On this day in 1864, the once powerful Confederate Army of Tennessee is nearly destroyed when a Union army commanded by General George Thomas swarms over the Rebel trenches around Nashville.
The Battle of Nashville was the finale in a disastrous year for General John Bell Hood's Confederates. The Rebels lost a long summer campaign for Atlanta in September 1864 when Hood abandoned the city to the army of William T. Sherman. Hood then took his diminished force north into Tennessee. He hoped to draw Sherman out of the Deep South, but Sherman had enough troops to split his force and send part of it to chase Hood into Tennessee. In November, Sherman took the remainder of his army on his march across Georgia. On November 30, Hood attacked the troops of General John Schofield at Franklin, Tennessee. The Confederates suffered heavy casualties and much of the army's leadership structure was destroyed: Twelve generals were killed or wounded along with 60 regimental leaders. When Schofield moved north to Nashville to join Thomas, Hood followed him and dug his army in outside of Nashville's formidable defenses.

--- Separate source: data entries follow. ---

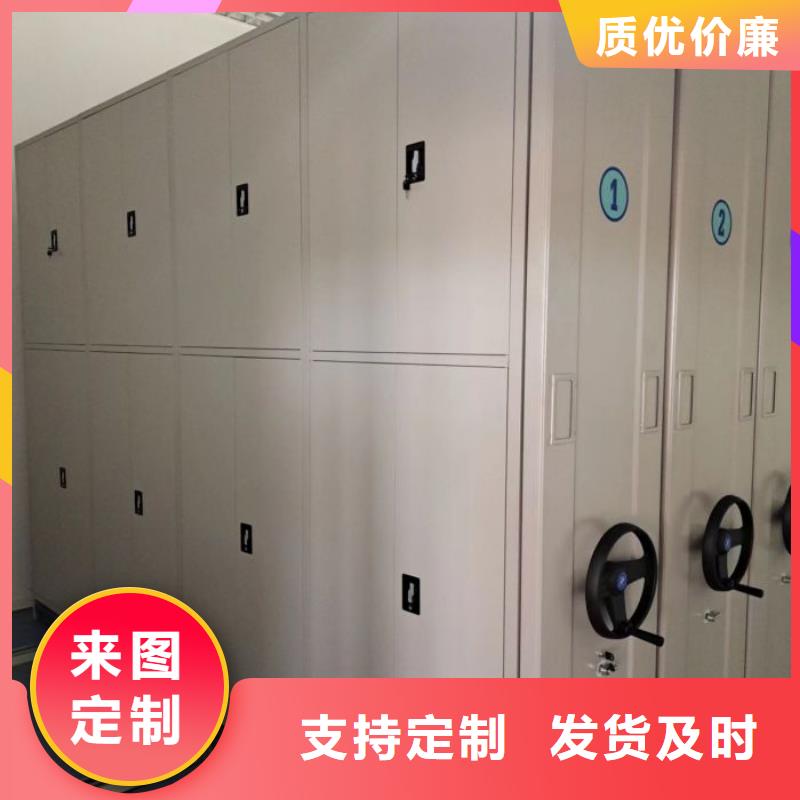 移动档案柜油画密集柜应用范围广泛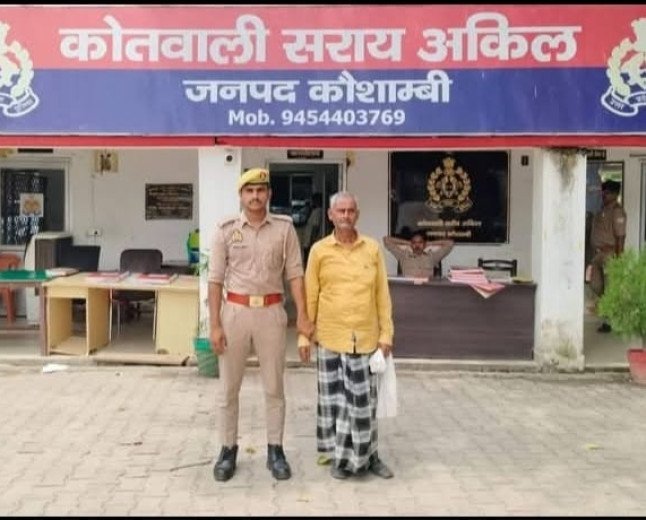 कौशाम्बी में 'ऑपरेशन चक्रव्यूह' का खौफ: कड़ाधाम समेत तीन थानों की पुलिस ने 5 शातिर अपराधियों को किया सलाखों के पीछे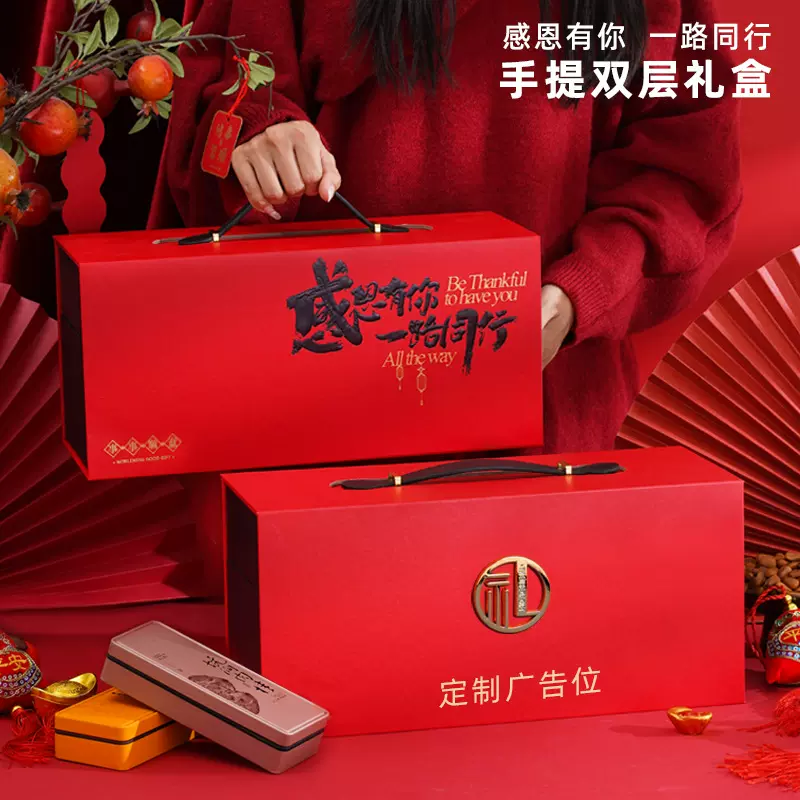 2026礼盒空盒马年礼品盒春节过年送礼零食坚果年货熟食包装盒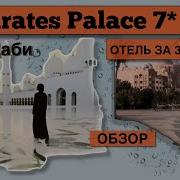 Абу Даби Оаэ Emirates Palace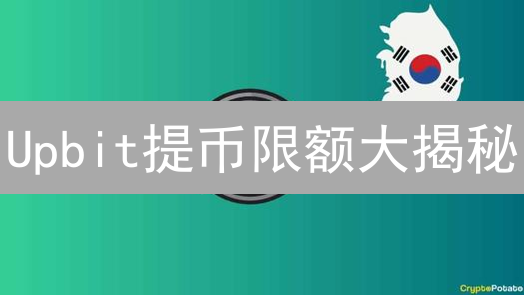 Upbit提币限额大揭秘：如何解锁你的资金自由？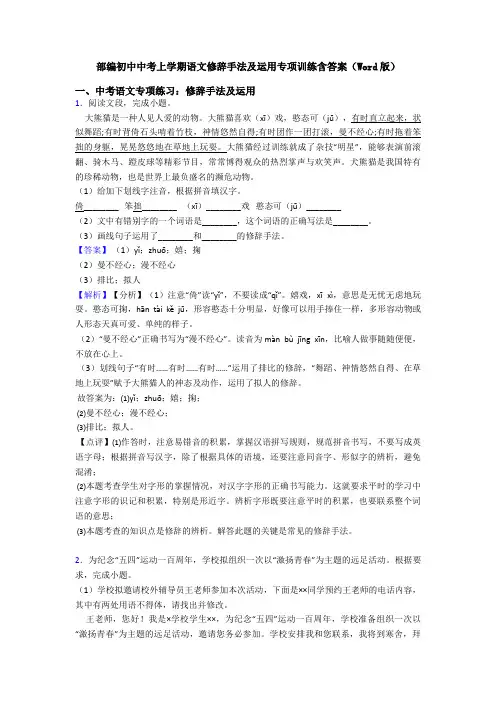 部编初中中考上学期语文修辞手法及运用专项训练含答案(Word版)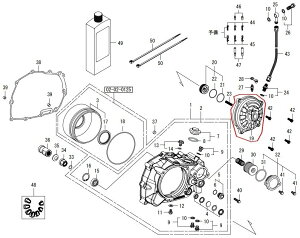 SP���� SP�^�P�K�� �y��C���i�z�N���b�`�J�o�[ GROM HONDA �z���_ �N���b�`�J�o�[ �G���W���p�[�c �G���W��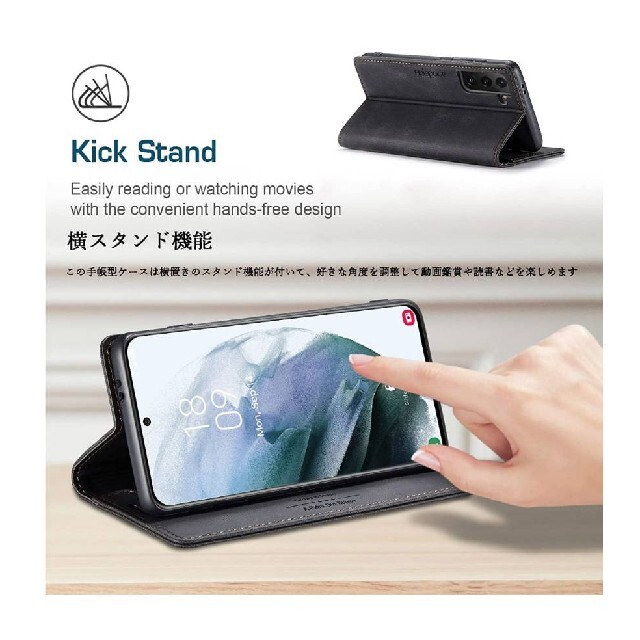 Galaxy　s21用　手帳型ケース スマホ/家電/カメラのスマホアクセサリー(Androidケース)の商品写真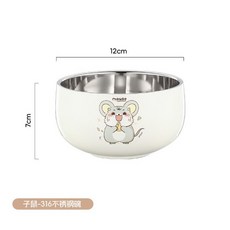 HLK 316不鏽鋼兒童隔熱防燙防摔十二生肖飯碗 家用食品級雙層保鮮碗, 1個, 316抗菌雙層碗【12cm】,【亥豬】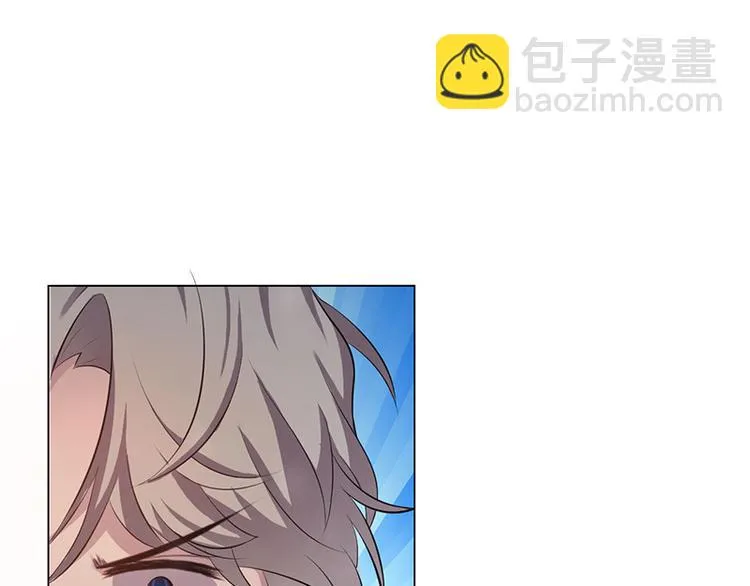 第3话 第31页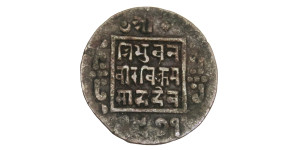 1 Paisa - Tribhuvana Bir Bikram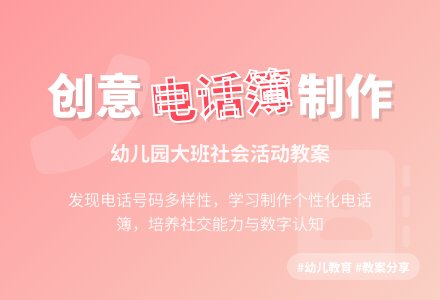 幼儿园大班社会教案：电话簿的作用-幼师课件网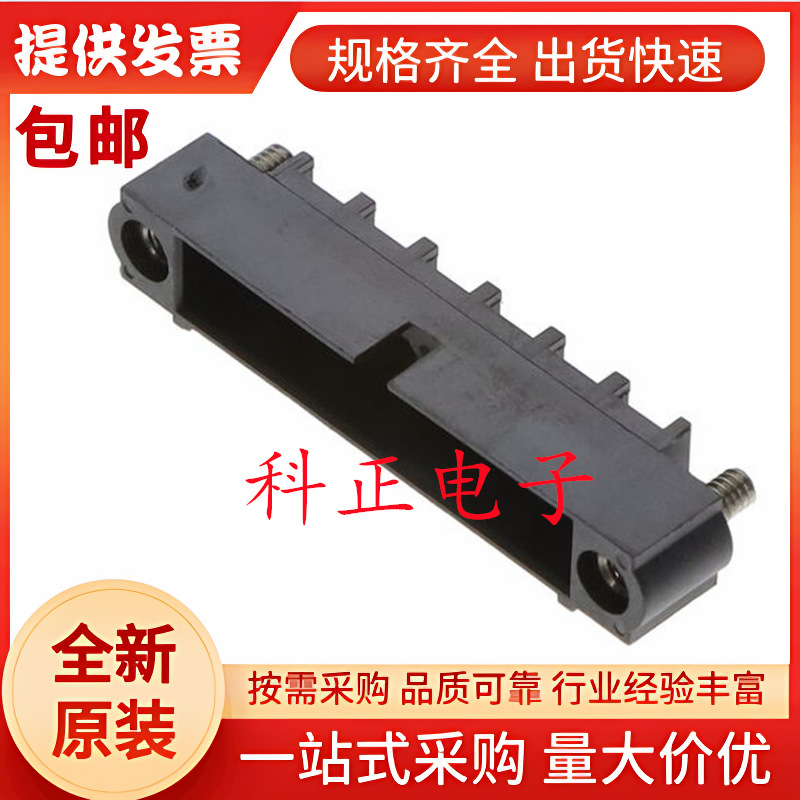 M80-273M206-00-00 连接器外壳, 插头, 6 路, 4 mm, 压接引脚触点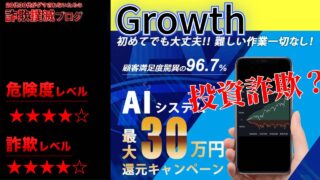 株式会社グロースのAIシステムは副業詐欺で稼げない？キャッシュバックは嘘？実際の口コミと費用について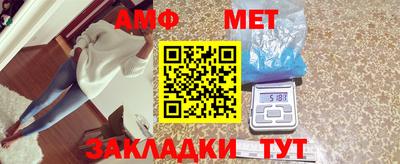 apvp Будённовск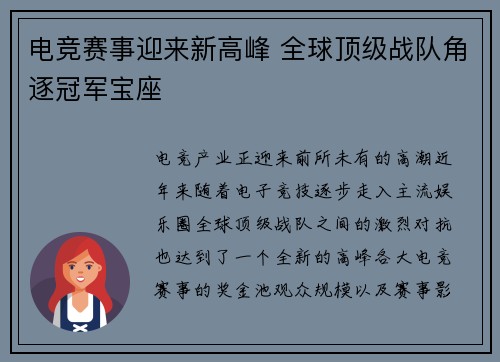 电竞赛事迎来新高峰 全球顶级战队角逐冠军宝座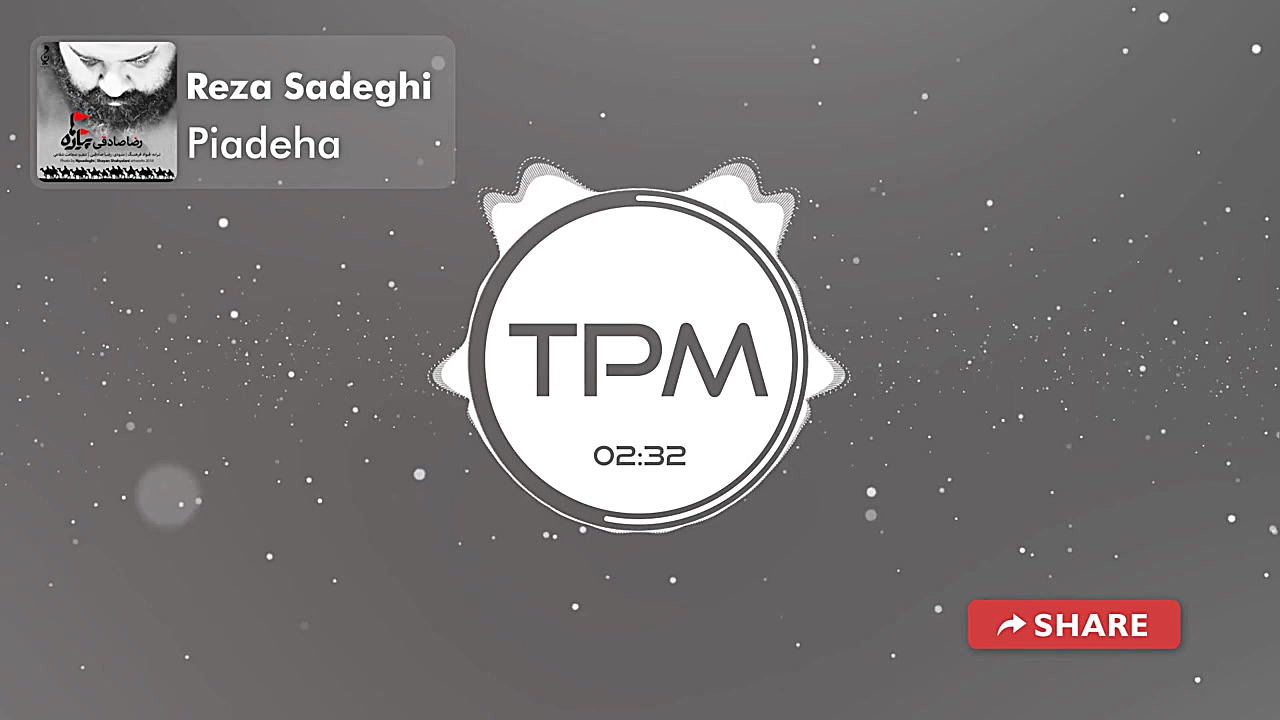 Reza Sadeghi  Piadeha (رضا صاد...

Thomas saw his chance to deal a decisive blow to Hood. More than 50,000 Yankees faced a Rebel force that now totaled less than 20,000. Historians have long questioned why Hood even approached the strongly fortified city with the odds so stacked against him. Early in the morning of December 15, Thomas sent a force under General James Steedman against the Confederates' right flank. The Union troops overran the Confederate trenches and drove the Rebels back more than a mile. The short December day halted the fighting, but Thomas struck again on December 16. This time, the entire Confederate line gave way and sent Hood's men from the field in a total rout. Only General Stephen Lee's valiant rear-guard action prevented complete destruction of the Confederate army.
More than 6,000 Rebels were killed or wounded and 3,000 Yankees lost their lives. Hood and his damaged army retreated to Mississippi, the Army of Tennessee no longer a viable offensive fighting force.